Believe it or not, during Transformers: Age of Extinction, Michael Bay's fourth rattling of the toy box, I felt one moment of transcendence. Three-fourths of the way through the punishing 165-minute runtime my brain left my body, crying out as it fled, "How could a space robot riding a fire-breathing metal T.rex be so boring?"
It begins with thrilling stupidity, the revelation that the dinosaurs were murdered by evil cheeseburger-shaped spaceships who built their own car-shaped society from their bones, the literalization of fossil fuels. From there, Age of Extinction gets even more moronic.
The events of the third film, in which Shia LaBeouf saved Chicago (fragments of it, at least) from Megatron, have become in this sequel America's new 9/11. Thirteen-hundred civilians died that day, a rare instance of a movie giving a body count for the usual city-destroying smash-em-ups. Mark Wahlberg plays a single dad and small-town inventor named Cade, who lives in a Disneyland version of Texas with his 17-year-old daughter Tessa (Nicola Peltz), one of those long-limbed, snub-nosed Southern girls shellacked with terrible pink lipstick. Also around: Cade's new scrap junk purchase, a bullet-riddled 18-wheeler that just happens to be Optimus Prime in disguise.

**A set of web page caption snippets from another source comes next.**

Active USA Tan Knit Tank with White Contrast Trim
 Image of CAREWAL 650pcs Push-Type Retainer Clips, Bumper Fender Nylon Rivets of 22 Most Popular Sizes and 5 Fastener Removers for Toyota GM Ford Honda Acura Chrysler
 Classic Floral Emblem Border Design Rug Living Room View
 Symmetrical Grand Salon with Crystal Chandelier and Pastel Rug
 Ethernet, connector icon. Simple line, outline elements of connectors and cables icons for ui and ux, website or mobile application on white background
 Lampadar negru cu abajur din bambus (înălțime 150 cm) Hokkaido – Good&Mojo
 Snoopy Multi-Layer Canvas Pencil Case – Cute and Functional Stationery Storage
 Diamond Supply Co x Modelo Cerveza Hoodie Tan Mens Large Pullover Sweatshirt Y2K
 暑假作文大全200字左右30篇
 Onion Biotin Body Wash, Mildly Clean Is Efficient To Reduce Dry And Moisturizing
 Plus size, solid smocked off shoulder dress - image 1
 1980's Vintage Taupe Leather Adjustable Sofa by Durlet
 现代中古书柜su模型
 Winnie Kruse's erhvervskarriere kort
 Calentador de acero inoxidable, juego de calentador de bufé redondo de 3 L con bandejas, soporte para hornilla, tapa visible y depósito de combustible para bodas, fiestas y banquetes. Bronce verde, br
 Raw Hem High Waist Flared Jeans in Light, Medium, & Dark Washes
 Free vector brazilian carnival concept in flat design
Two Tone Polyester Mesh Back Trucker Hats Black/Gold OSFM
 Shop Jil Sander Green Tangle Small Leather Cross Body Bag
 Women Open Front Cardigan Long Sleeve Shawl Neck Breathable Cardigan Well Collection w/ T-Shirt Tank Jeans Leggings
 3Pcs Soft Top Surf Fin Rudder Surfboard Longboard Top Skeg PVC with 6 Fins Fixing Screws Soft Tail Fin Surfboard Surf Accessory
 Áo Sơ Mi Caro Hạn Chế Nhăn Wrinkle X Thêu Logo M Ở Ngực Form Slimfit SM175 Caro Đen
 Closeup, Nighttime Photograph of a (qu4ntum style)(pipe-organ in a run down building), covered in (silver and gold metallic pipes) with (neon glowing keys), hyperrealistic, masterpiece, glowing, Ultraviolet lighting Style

There isn't enough visual beauty to forgive the screenplay's ugliness, but Bay does brave a daring new standard in product placement. He doesn't just show a Bud Light truck -- he wrecks it, scatters beer bottles across the road, and then has Mark pick one up and take a swig. It's so calculated, it gets a knowing laugh, as if the audience is relieved that at least there's one joke that doesn't insult their intelligence.